HIV-1 integrase (IN) is an enzyme responsible for integrating the viral DNA copy of the viral RNA genome into the host chromatin. Specifically, IN is one of the main anti-virus targets. Besides, HIV-1 IN consists of three different structural and functional domains: N-terminal domain, catalytic core domain (CCD), and C-terminal domain. All clinically available HIV-1 IN inhibitors need catalytic sites of metal ions for the enzymatic reaction of IN. It mainly blocks the chain transfer activity of IN. In the process of viral integration, HIV-1 hijacks a host transcription regulator protein, LEDGF/p75. Moreover, the protein is preferentially integrated into the active transcription unit.

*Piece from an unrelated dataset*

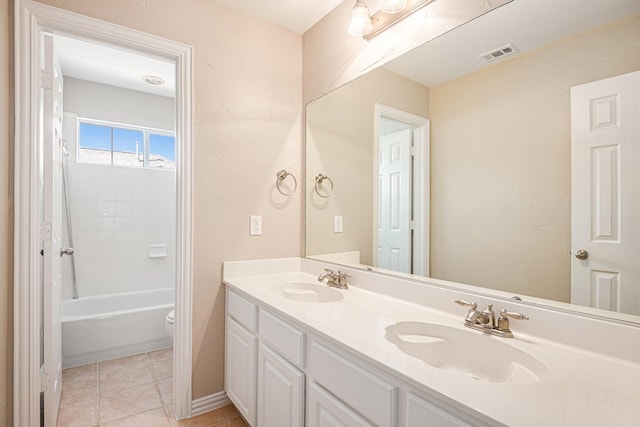 full bathroom featuring tile patterned flooring, shower / tub combination, vanity, and toilet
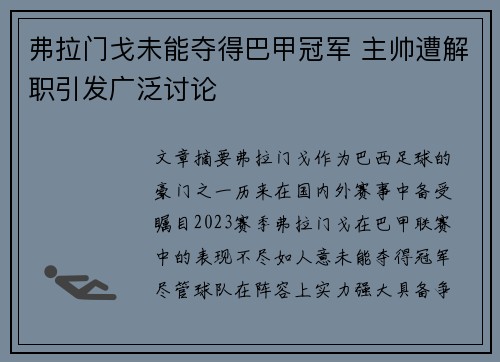 弗拉门戈未能夺得巴甲冠军 主帅遭解职引发广泛讨论 弗拉门戈未能夺得巴甲冠军 主帅遭解职引发广泛讨论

Furthermore, integrating the DNA copy of HIV RNA genome into the host chromatin is a key step in HIV replication. Meanwhile, IN plays a second key role in HIV-1 replication. Specifically, IN directly interacts with the viral RNA genome during the morphogenesis of viral particles. Nonetheless, HIV-1 integrase (IN) is critical to viral replication and is an important multifunctional therapeutic target. Allosteric HIV-1 integrase inhibitors (ALLINI) are a promising new class of antiretroviral drugs. They can destroy the normal maturation of viruses by inducing hyperpolymerization of IN. Chain transfer inhibitor (INSTI) is a component of antiretroviral therapy for HIV-1 infected people. Here, we will introduce a potent HIV-1 allosteric integrase inhibitor, GSK3739936 (BMS-986180).
GSK3739936 is a potent HIV-1 allosteric Integrase inhibitor.
![](https://www.Immune-System-Research.com/"wp-content/uploads"/2022/09/GSK3739936.jpg)
From: Trivedi J, et al. Curr HIV/AIDS Rep. 2020 Feb;17(1):63-75.
At first, GSK3739936 is a potent HIV-1 allosteric integrase inhibitor with an IC50 value of 11.1 nM and an EC50 value of 1.7 nM. Importantly, GSK3739936 is also a weak CYP inhibitor (IC50>24.3 μM). Particularly, GSK3739936 shows favorable pharmacokinetic properties in preclinical species with rapid absorption. It has low to moderate clearance and excellent oral bioavailability.
Secondly, GSK3739936 is not cytotoxic to MT-2 cells, exhibiting CC50 values of >20 μM. GSK3739936 exhibits a low clearance in the mouse, rat, and dog with moderate to long elimination half-lives. Interestingly, GSK3739936 displays moderate clearance and a short elimination half-life in the cynomolgus monkey. The absolute oral bioavailability ranges between 52 and 89%. In particular, the tmax value is 2-5 h, suggesting rapid absorption in all four species.
Finally, GSK3739936 is a potent HIV-1 allosteric integrase inhibitor.
References:
Naidu BN, et al. Polymorphs. J Med Chem. 2022 Mar 24;65(6):4949-4971.